[Exercise]:
Find the line that contains "VALENA Ramka podwójna pozioma biała 774462". Copy it and every line after it to the end of the material below, exactly, with no pictures.

[Data extract]:
--------

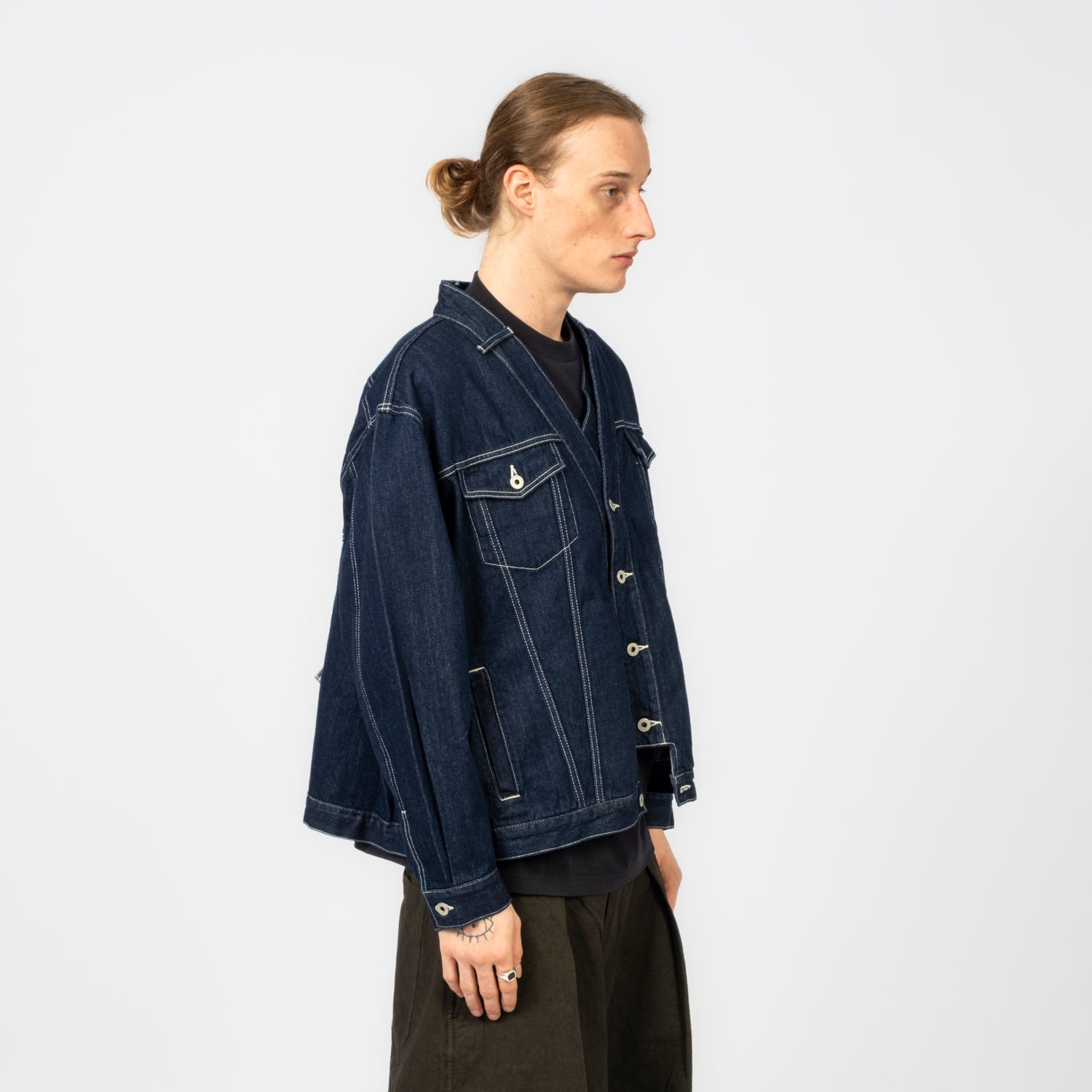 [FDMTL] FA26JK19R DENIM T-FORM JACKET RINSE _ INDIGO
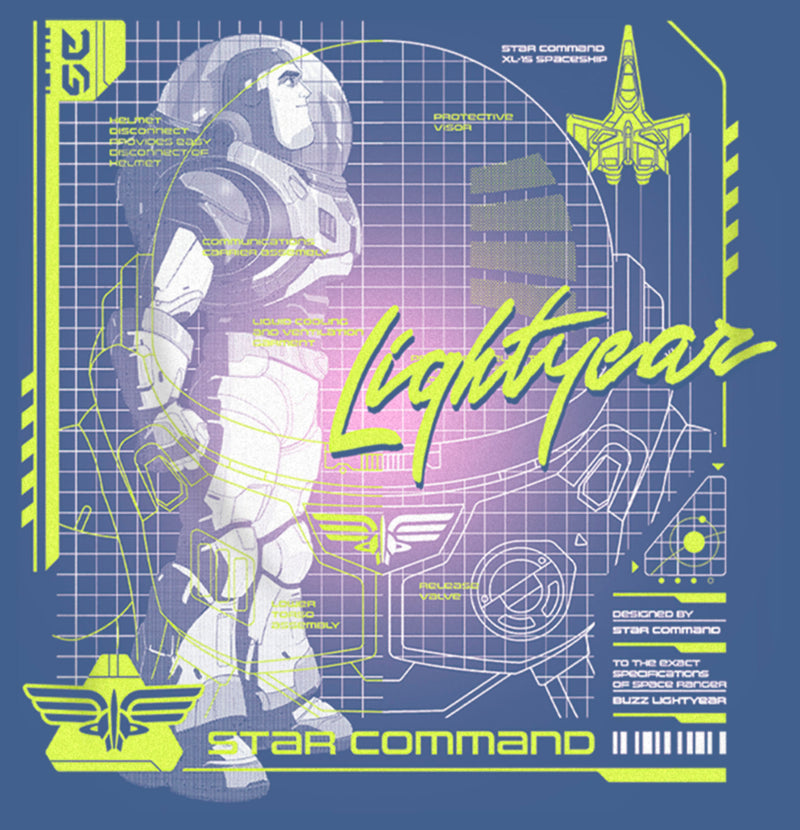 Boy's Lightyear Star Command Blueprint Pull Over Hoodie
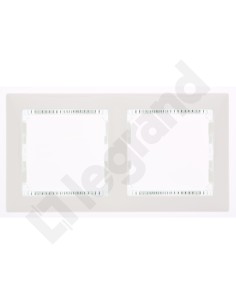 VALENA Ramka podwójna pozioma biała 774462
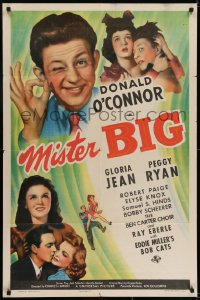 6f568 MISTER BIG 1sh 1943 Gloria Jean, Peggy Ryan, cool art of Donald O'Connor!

--------

[Answer to the exercise]:
 VALENA Ramka podwójna pozioma biała 774462
 6f568 MISTER BIG 1sh 1943 Gloria Jean, Peggy Ryan, cool art of Donald O'Connor!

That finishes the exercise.